Встретили мы Рождество. Мне прислали рождественскую посылку: печенье, котлеты, колбасу. Взяла посылку, захожу в камеру – а кошки смотрят все на меня. Думаю: что делать?
Постелила на пол платок, все разложила и говорю: «Пожалуйста, угощайтесь». Они смотрели, смотрели… Потом как набросились все! Я сижу – и только слезы из глаз. Я же знала, как дома собирали, как нежно готовили, сколько людей помогали, а тут эти жрут… Очереди, чтобы передать передачу, большие, сестра стояла у тюрьмы с раннего утра. И всегда отворачивалась к стенке, чтобы никто не увидел, что она у тюрьмы стоит…
* * *
Один раз я попала в карцер.
Это был 1946-й, Новый год.
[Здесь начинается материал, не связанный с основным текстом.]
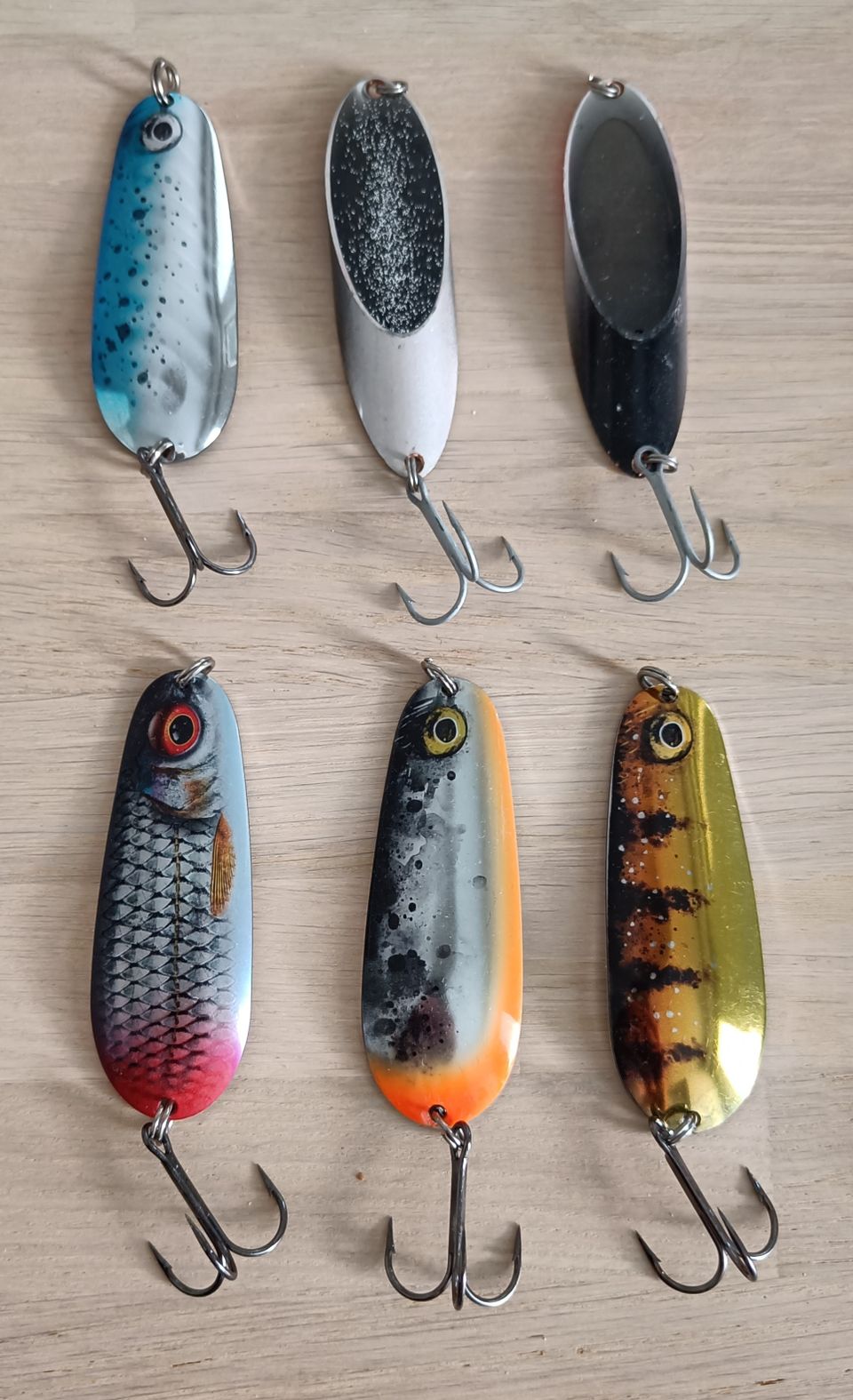 4 kpl Rapala Nauvo + 2 Norolan light spoon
Отбой, всем надо лежать, а на моих нарах несколько женщин собралися погадать на будущее. Надзиратель посмотрел в волчок, забежал – и меня сразу в карцер.
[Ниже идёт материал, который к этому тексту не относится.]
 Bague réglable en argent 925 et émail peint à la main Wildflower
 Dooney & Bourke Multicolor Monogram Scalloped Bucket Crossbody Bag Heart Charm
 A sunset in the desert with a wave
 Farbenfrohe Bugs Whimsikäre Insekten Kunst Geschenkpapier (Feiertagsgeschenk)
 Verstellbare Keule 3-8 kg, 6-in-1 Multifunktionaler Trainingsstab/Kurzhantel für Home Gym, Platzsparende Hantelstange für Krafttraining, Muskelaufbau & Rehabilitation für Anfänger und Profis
Холодища-а! Подвал, толстые стены, окно без стекла – а я в одном платье. Так я все время танцевала. Устану, посижу немножко – и опять. Потом начала карабкаться на скошенный подоконник. Зацеплюсь за решетки – и качусь вниз. Потом опять. Согреваюсь. Устала, села в уголочек, скорчилась… А чувствую, надзиратель, пожилой человек, все время смотрит в волчок. Открывает двери: «Выходи». Я вышла – в коридоре тепло, столик стоит, табуретка. «Посиди», – говорит. Пошел, принес стакан чая, булочку: «Погрейся, маленькая». Я сидела, грелась, он смотрел на меня… Кажется, даже плакал. Несколько часов посидела… «А теперь, – говорит, – иди».
Вернулась в карцер – слышу, новогодний салют!